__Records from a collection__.
------------
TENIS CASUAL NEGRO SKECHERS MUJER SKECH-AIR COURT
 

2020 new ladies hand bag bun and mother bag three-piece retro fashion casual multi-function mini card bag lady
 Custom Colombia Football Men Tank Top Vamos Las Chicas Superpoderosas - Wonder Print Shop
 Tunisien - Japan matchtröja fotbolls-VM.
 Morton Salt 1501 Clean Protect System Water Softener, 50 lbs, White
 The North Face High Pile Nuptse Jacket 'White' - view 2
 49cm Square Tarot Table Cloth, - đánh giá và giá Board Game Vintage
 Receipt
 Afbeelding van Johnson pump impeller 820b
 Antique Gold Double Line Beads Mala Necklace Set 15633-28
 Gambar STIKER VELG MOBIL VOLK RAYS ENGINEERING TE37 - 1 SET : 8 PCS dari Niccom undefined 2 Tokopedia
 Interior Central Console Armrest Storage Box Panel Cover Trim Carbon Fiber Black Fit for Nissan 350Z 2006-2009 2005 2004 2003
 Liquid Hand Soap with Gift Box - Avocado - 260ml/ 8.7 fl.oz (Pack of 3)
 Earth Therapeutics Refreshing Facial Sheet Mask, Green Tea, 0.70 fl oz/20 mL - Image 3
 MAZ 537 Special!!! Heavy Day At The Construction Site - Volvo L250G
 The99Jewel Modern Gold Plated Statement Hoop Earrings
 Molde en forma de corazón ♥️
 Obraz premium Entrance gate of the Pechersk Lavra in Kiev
------------
__DIRECTIONS__. Copy over exactly the lines above from the one with "The North Face" to the last, both included, and no others.

__RESULT OF THE TASK__.
 The North Face High Pile Nuptse Jacket 'White' - view 2
 49cm Square Tarot Table Cloth, - đánh giá và giá Board Game Vintage
 Receipt
 Afbeelding van Johnson pump impeller 820b
 Antique Gold Double Line Beads Mala Necklace Set 15633-28
 Gambar STIKER VELG MOBIL VOLK RAYS ENGINEERING TE37 - 1 SET : 8 PCS dari Niccom undefined 2 Tokopedia
 Interior Central Console Armrest Storage Box Panel Cover Trim Carbon Fiber Black Fit for Nissan 350Z 2006-2009 2005 2004 2003
 Liquid Hand Soap with Gift Box - Avocado - 260ml/ 8.7 fl.oz (Pack of 3)
 Earth Therapeutics Refreshing Facial Sheet Mask, Green Tea, 0.70 fl oz/20 mL - Image 3
 MAZ 537 Special!!! Heavy Day At The Construction Site - Volvo L250G
 The99Jewel Modern Gold Plated Statement Hoop Earrings
 Molde en forma de corazón ♥️
 Obraz premium Entrance gate of the Pechersk Lavra in Kiev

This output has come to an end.